Logs store events and activities. Log entries can contain different kinds of data organized into records with different sets of properties for each type. These records tend to be well-structured and verbose but are usually much larger than metrics data because they contain more detailed information. Logs are not pre-aggregated. You would use querying, reporting, and other tools to perform aggregations. Telemetry, such as events and traces, are stored as logs in addition to performance data to be combined for analysis. Log data comes from an application, its underlying service, the platform, or the operating system.

So, which one should we use? The answer is: both!

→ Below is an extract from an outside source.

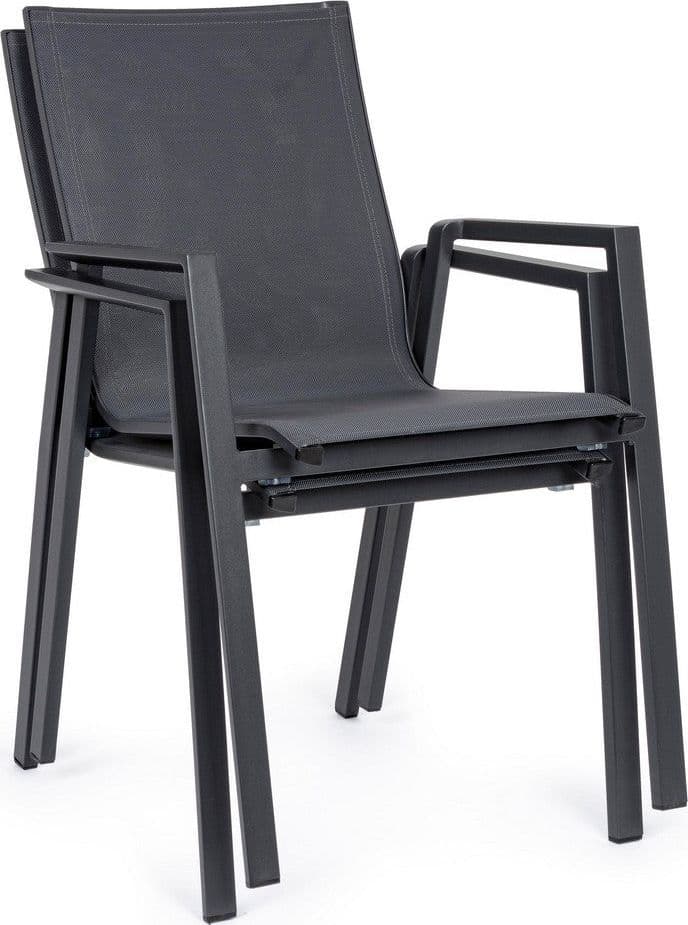 Sedia "Krion" struttura in alluminio con braccioli per interni ed esterni in Sedie Decor Space - Altamura, commercioVirtuoso.it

Use Metrics to determine the health of a system. When an unusual metric indicates a problem, query the logs to determine the reason for that problem.

Traces and Spans

A trace shows a continuous view of a single request in an application. Imagine a button on a web page that calls an API that calls a library that queries a database and returns the resulting data up the stack. If a user clicks the button, each component in the stack can log some information. Each log entry can contain a correlation ID to indicate they are all part of the same request. Filtering the logs on this correlation ID allows us to view details of the request as it moves through the system. Each component's log entries are known as a "span," while the collection of log entries for the entire request is a "trace." This trace will differ from when another user clicks the button (or if the same user clicks it later.) Each trace will have a different correlation ID, allowing us to distinguish one request from another. Storing the correlation ID is particularly helpful when isolating problems that occur sporadically. We can see if parameters are passed properly or if there are factors in one layer that contribute to the error.

Conclusion

In this article, I covered some key application and service monitoring concepts. In future articles, I will show tools for monitoring in Microsoft Azure.